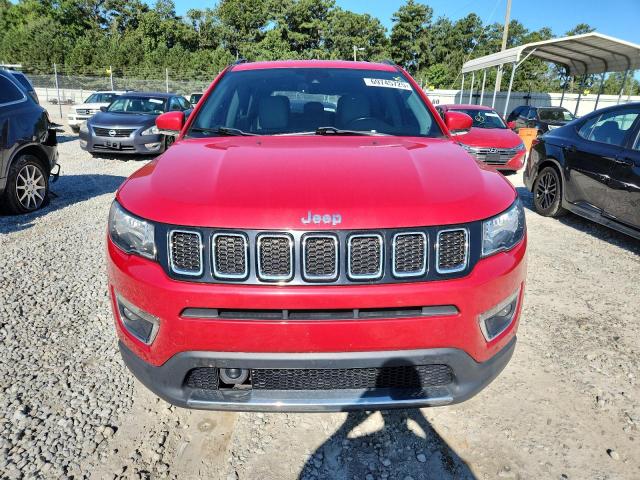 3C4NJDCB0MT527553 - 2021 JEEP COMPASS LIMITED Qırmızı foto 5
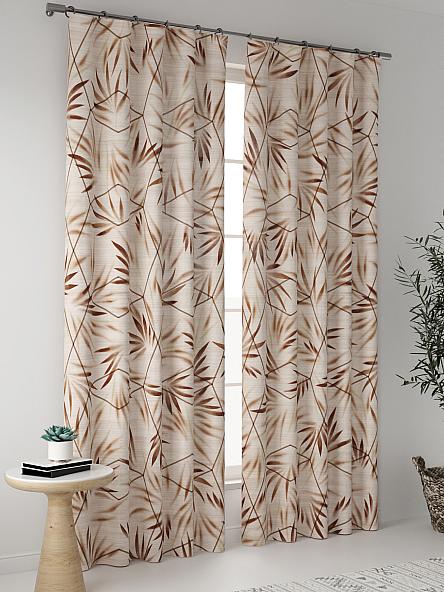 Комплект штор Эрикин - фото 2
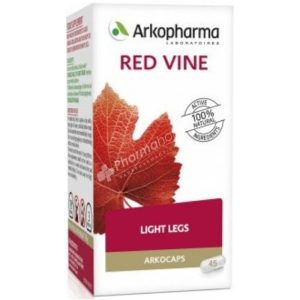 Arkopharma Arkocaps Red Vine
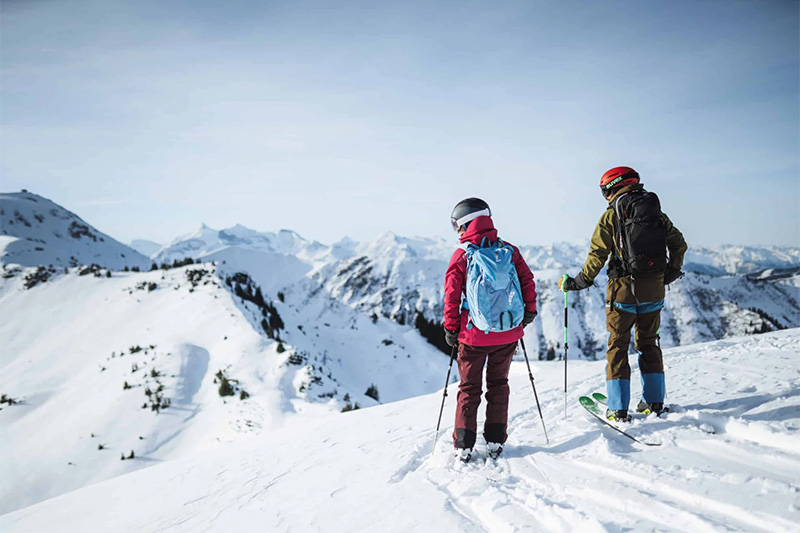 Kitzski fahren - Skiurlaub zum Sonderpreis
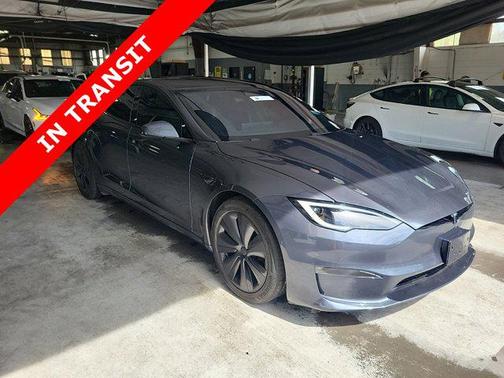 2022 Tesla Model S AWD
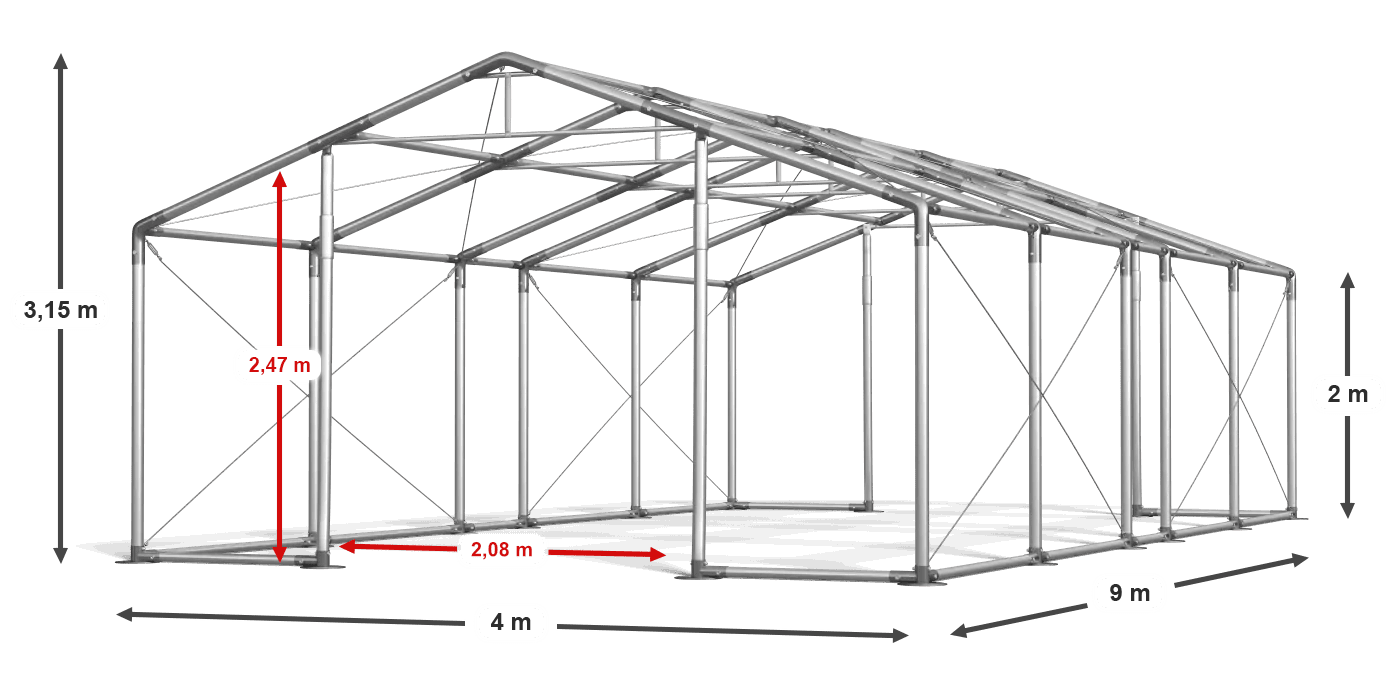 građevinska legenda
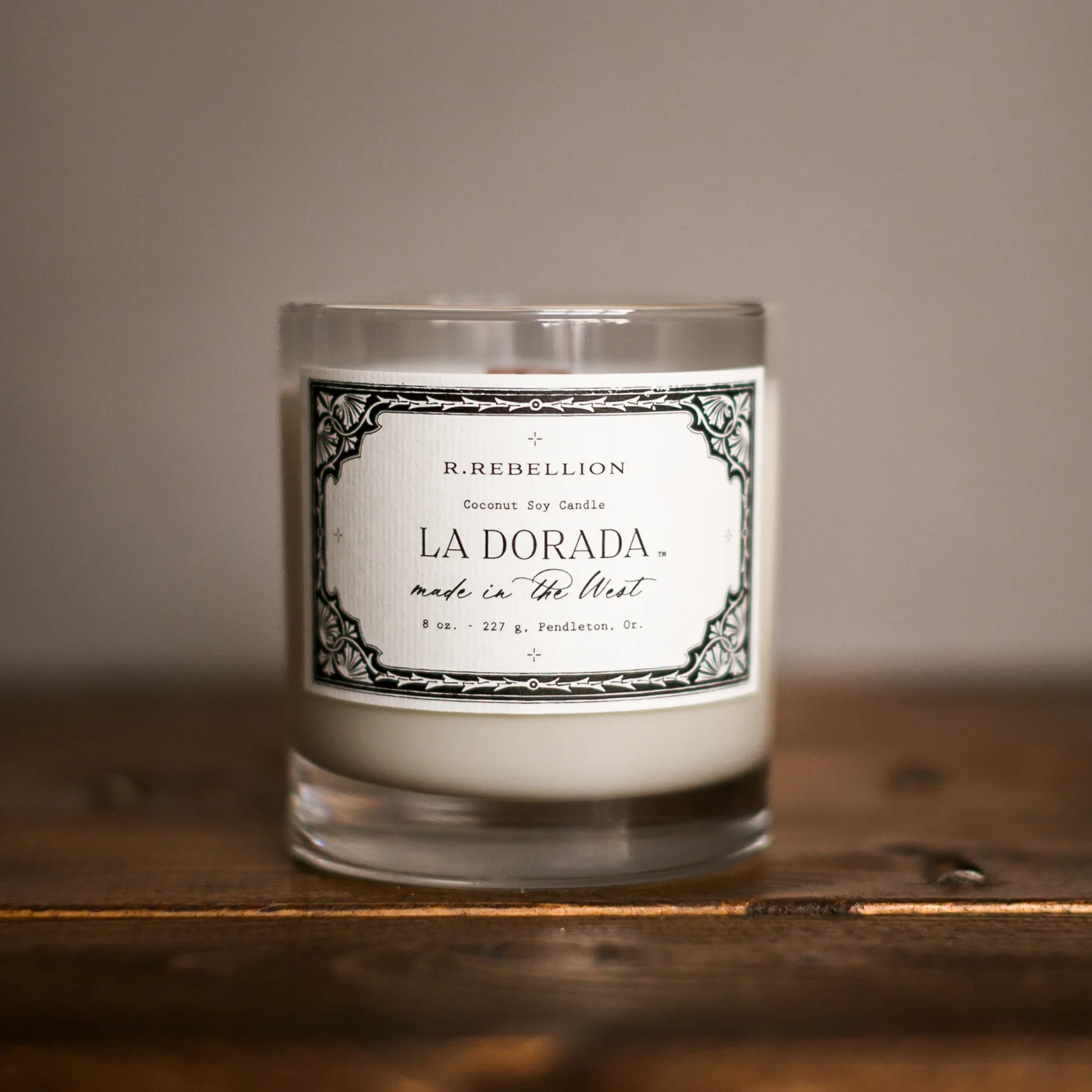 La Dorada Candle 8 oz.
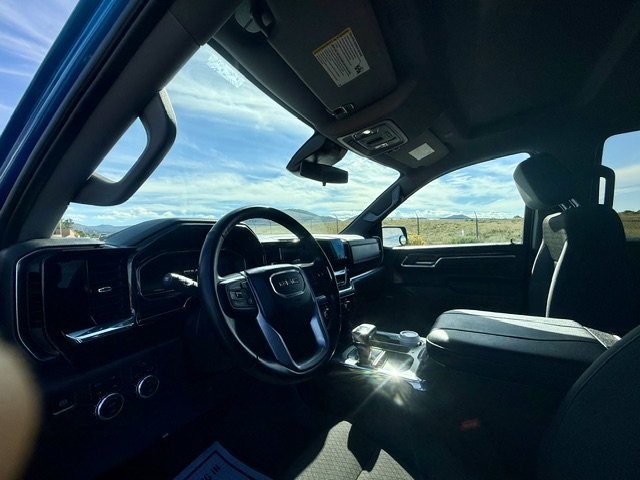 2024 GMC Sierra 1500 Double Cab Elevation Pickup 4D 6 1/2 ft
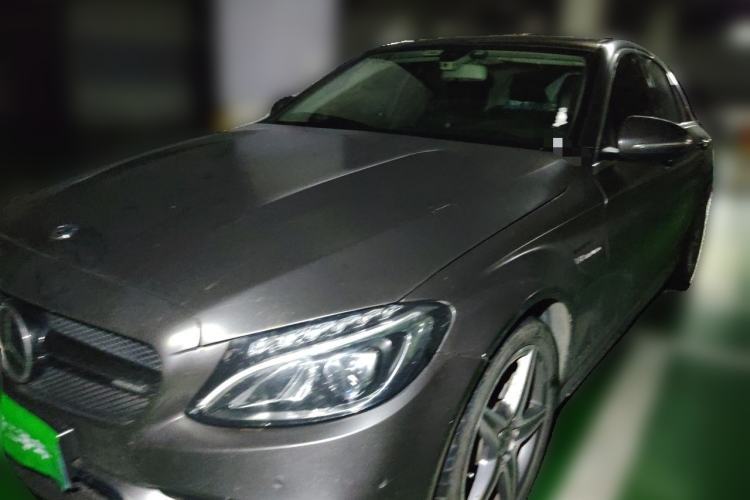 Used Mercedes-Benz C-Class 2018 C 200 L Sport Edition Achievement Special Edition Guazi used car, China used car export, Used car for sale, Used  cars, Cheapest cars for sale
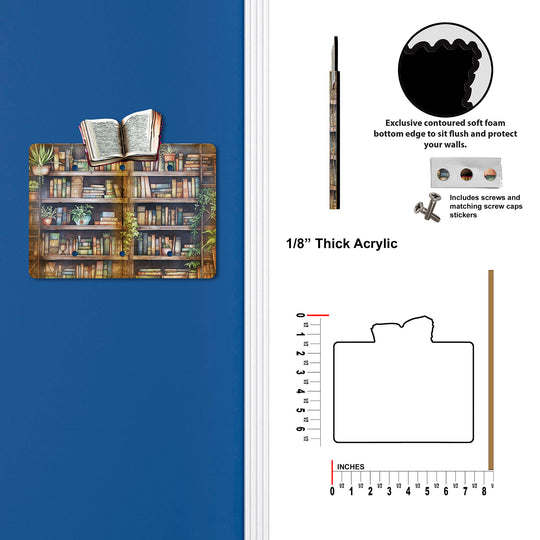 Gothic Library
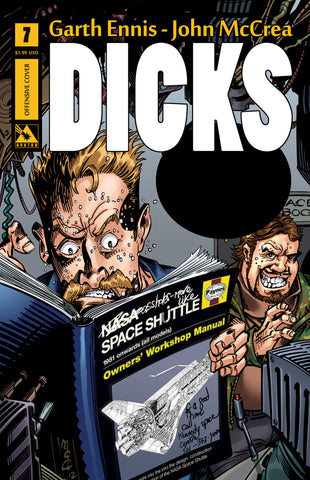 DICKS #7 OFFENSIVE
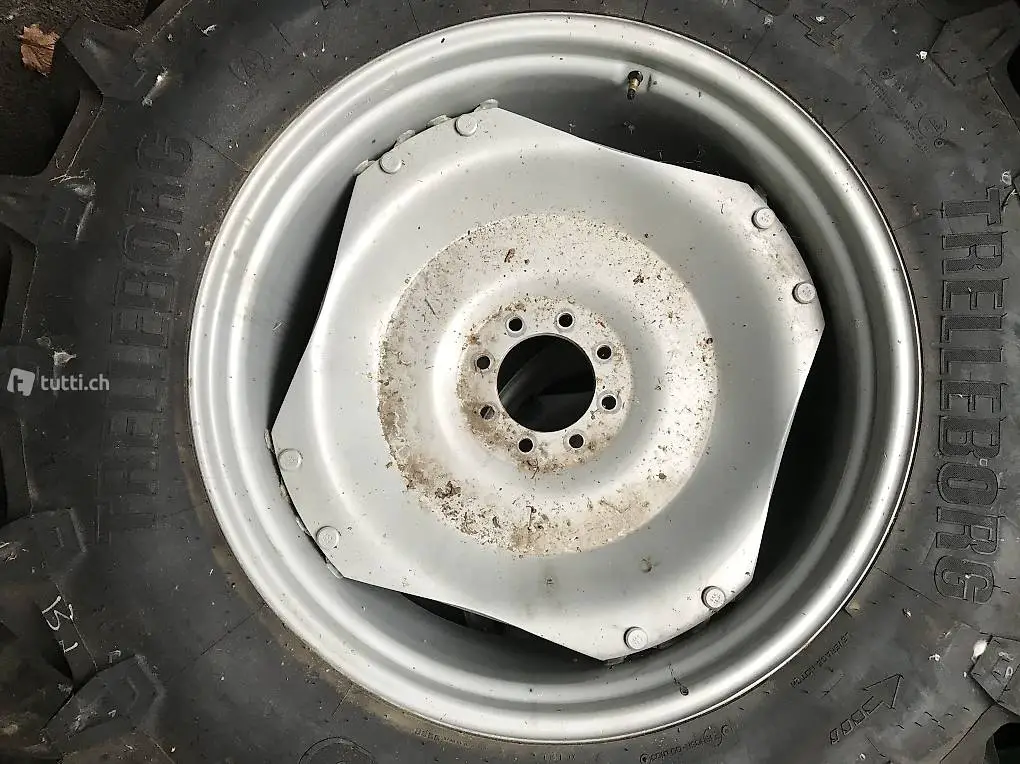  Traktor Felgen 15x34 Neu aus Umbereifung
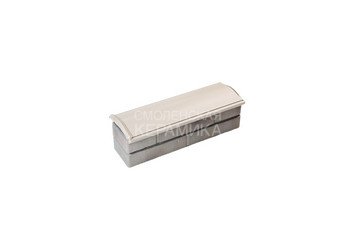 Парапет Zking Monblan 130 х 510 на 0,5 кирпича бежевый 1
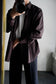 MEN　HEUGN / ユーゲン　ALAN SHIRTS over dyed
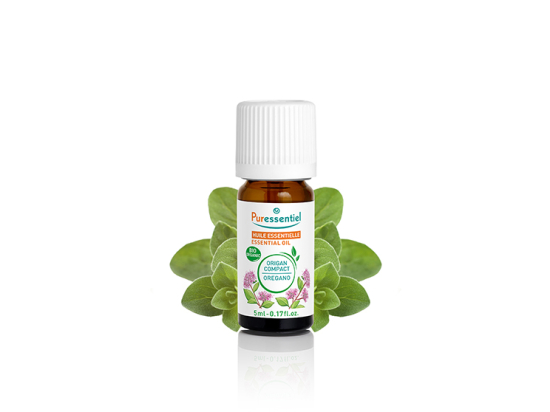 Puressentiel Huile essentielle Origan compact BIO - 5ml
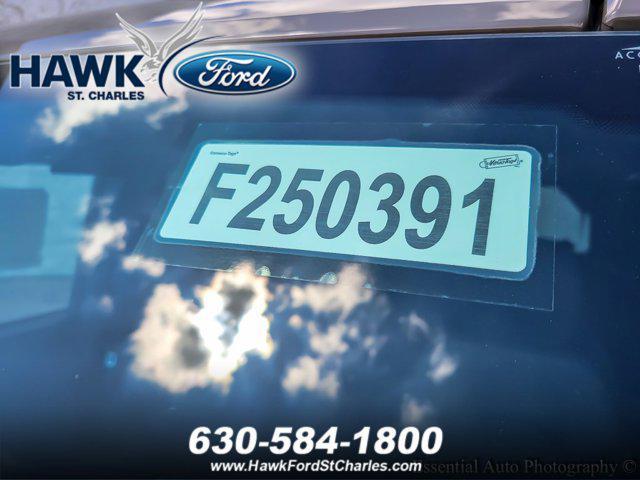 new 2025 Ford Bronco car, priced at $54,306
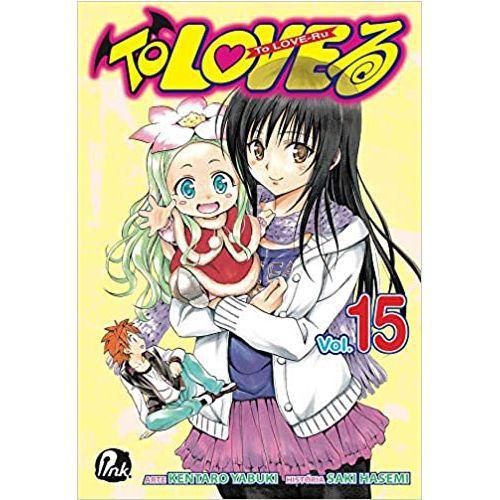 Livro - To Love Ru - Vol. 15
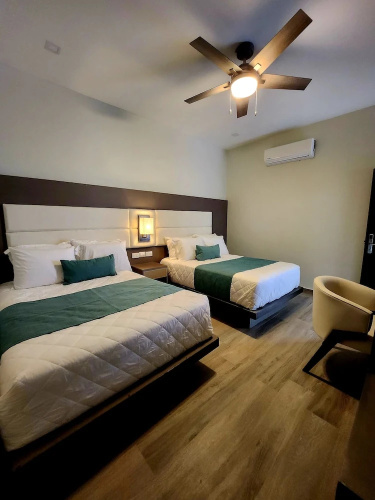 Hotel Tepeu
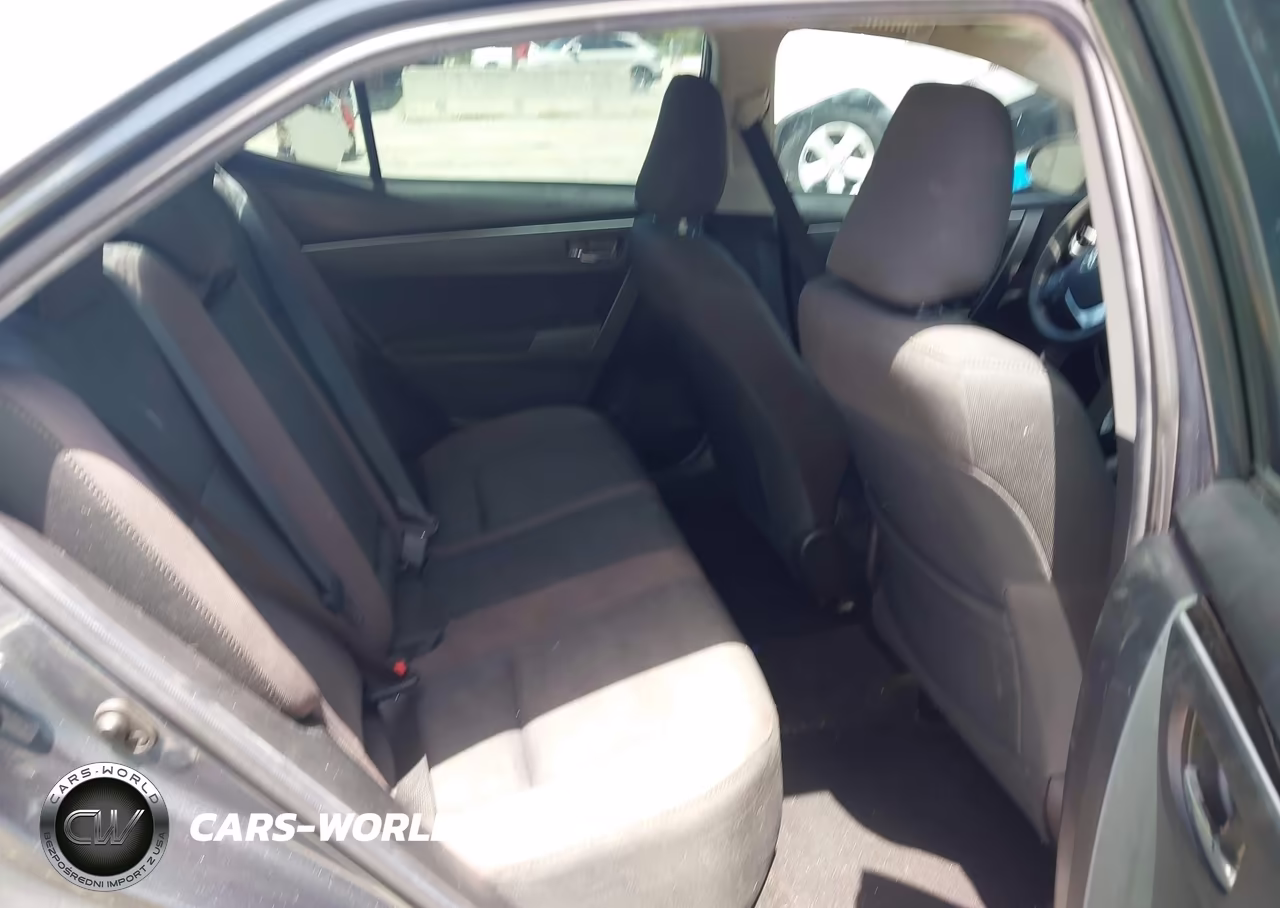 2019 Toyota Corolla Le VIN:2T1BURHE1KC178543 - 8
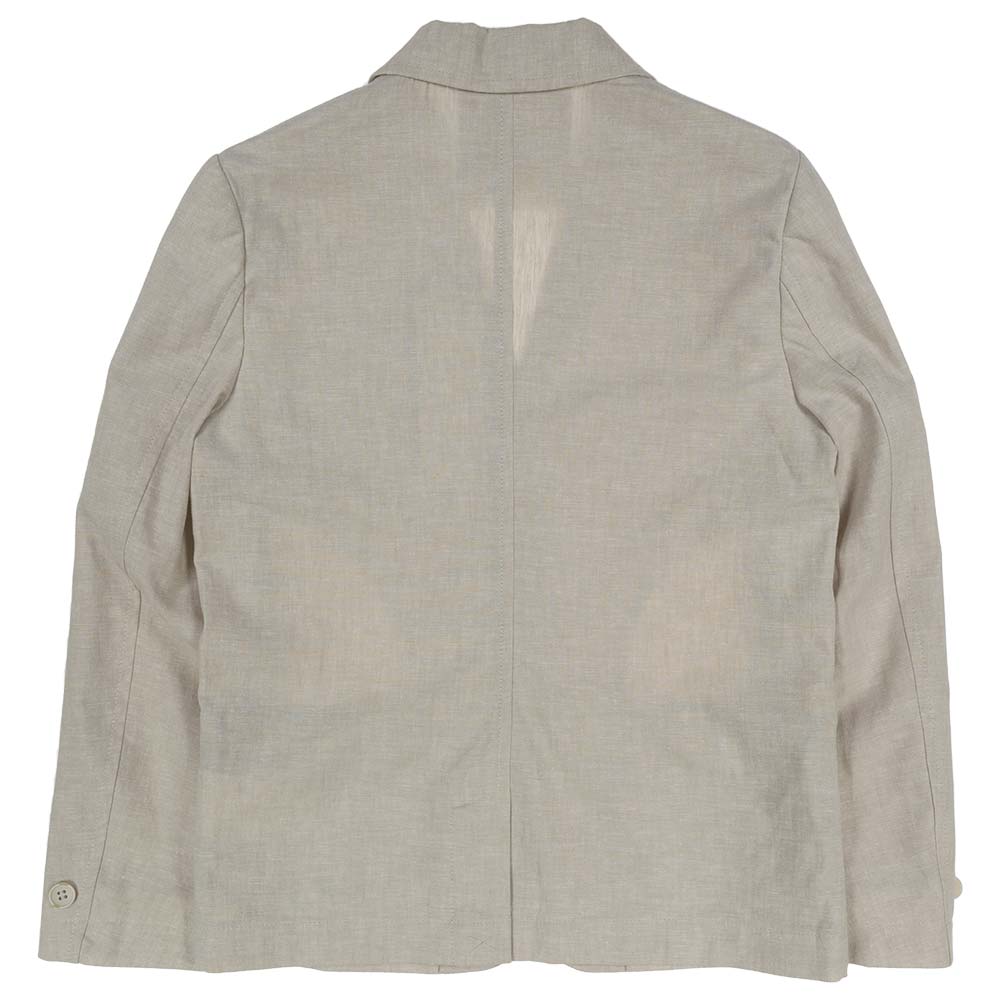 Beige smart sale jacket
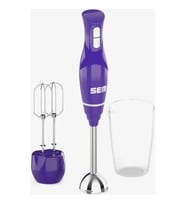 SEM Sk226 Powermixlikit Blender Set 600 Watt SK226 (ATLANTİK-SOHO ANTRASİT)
= = = =
## [PROBLEM TO WORK ON]
Beginning with the line that contains "2024 GMC Sierra" in the data above, please copy each line exactly until the last line, both ends included, skipping any pictures.

## [THE ANSWER]
 2024 GMC Sierra 1500 Double Cab Elevation Pickup 4D 6 1/2 ft
 Used Mercedes-Benz C-Class 2018 C 200 L Sport Edition Achievement Special Edition Guazi used car, China used car export, Used car for sale, Used  cars, Cheapest cars for sale
 Gothic Library
 DICKS #7 OFFENSIVE
  Traktor Felgen 15x34 Neu aus Umbereifung
 Парапет Zking Monblan 130 х 510 на 0,5 кирпича бежевый 1
 MEN　HEUGN / ユーゲン　ALAN SHIRTS over dyed
 Puressentiel Huile essentielle Origan compact BIO - 5ml
 new 2025 Ford Bronco car, priced at $54,306
 Livro - To Love Ru - Vol. 15
 Hotel Tepeu
 2019 Toyota Corolla Le VIN:2T1BURHE1KC178543 - 8
 Beige smart sale jacket
 SEM Sk226 Powermixlikit Blender Set 600 Watt SK226 (ATLANTİK-SOHO ANTRASİT)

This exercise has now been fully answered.